_PROBLEM REQUIREMENTS_:
Without changing a word, copy every line of the listing below and leave out the images.

***** GIVEN DATA *****

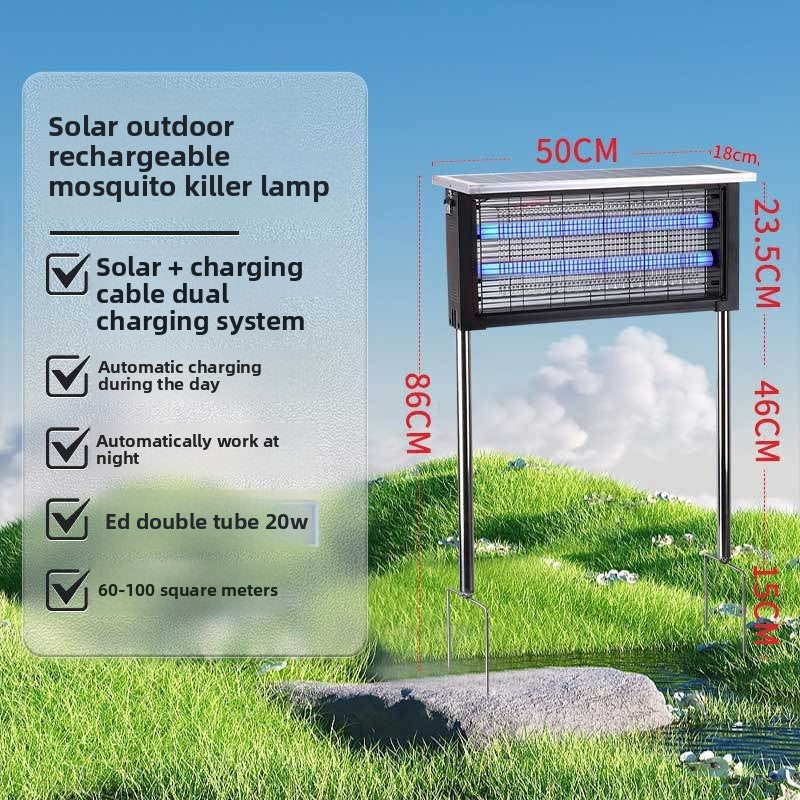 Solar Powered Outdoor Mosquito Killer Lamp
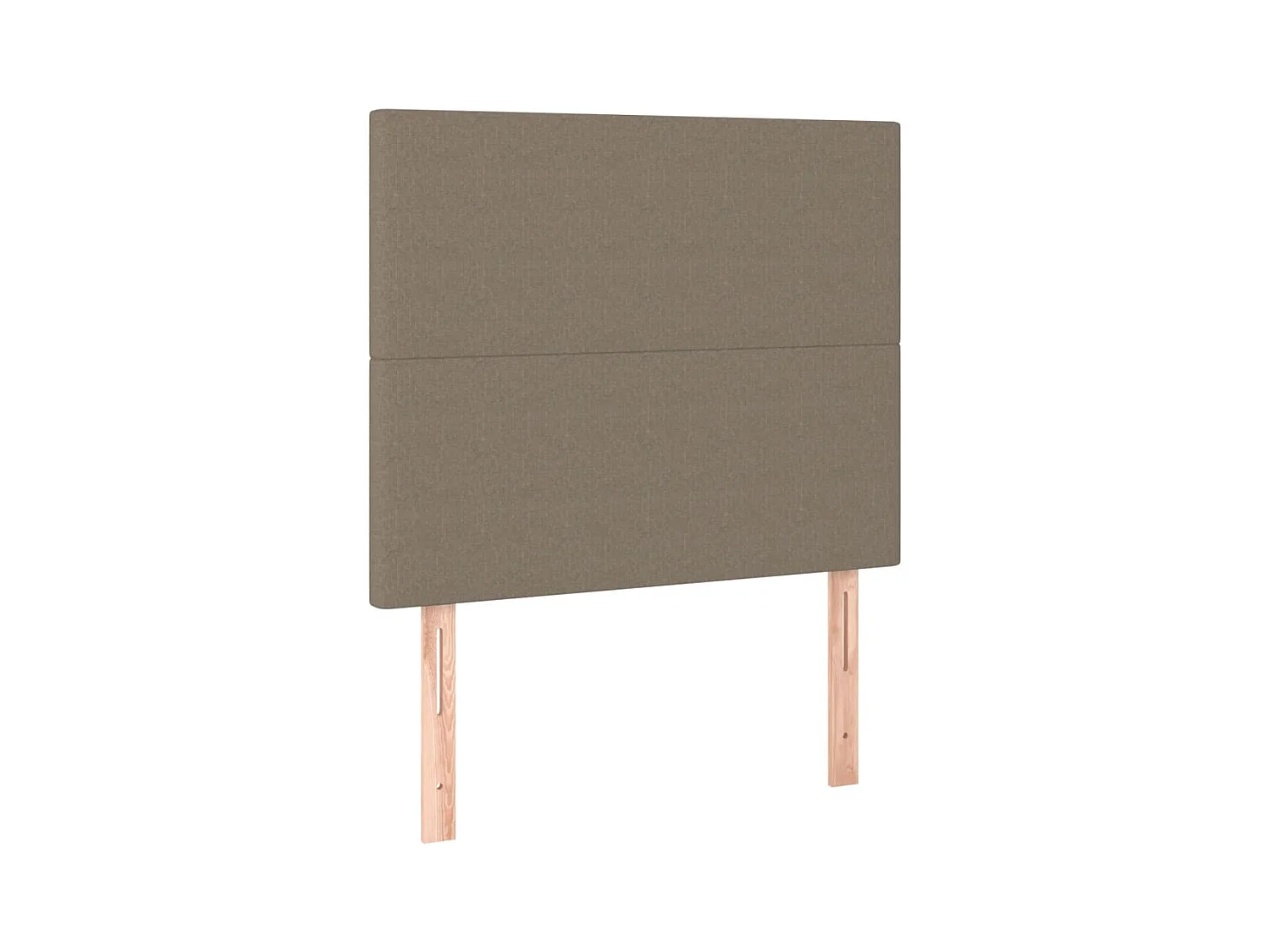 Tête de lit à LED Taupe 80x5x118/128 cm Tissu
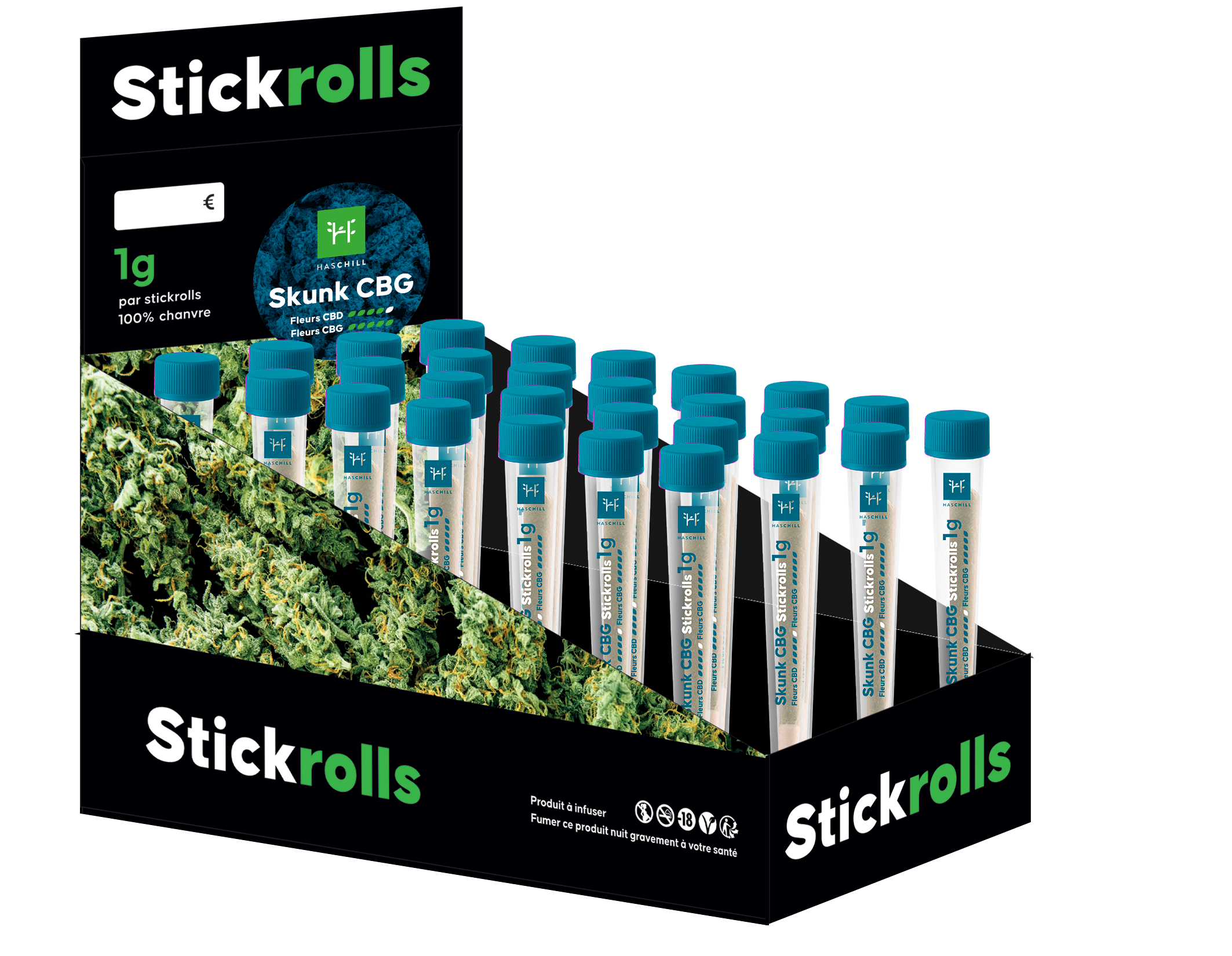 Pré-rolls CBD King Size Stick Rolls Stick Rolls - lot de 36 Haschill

*****

_WRITTEN REPLY_:
 Solar Powered Outdoor Mosquito Killer Lamp
 Tête de lit à LED Taupe 80x5x118/128 cm Tissu
 Pré-rolls CBD King Size Stick Rolls Stick Rolls - lot de 36 Haschill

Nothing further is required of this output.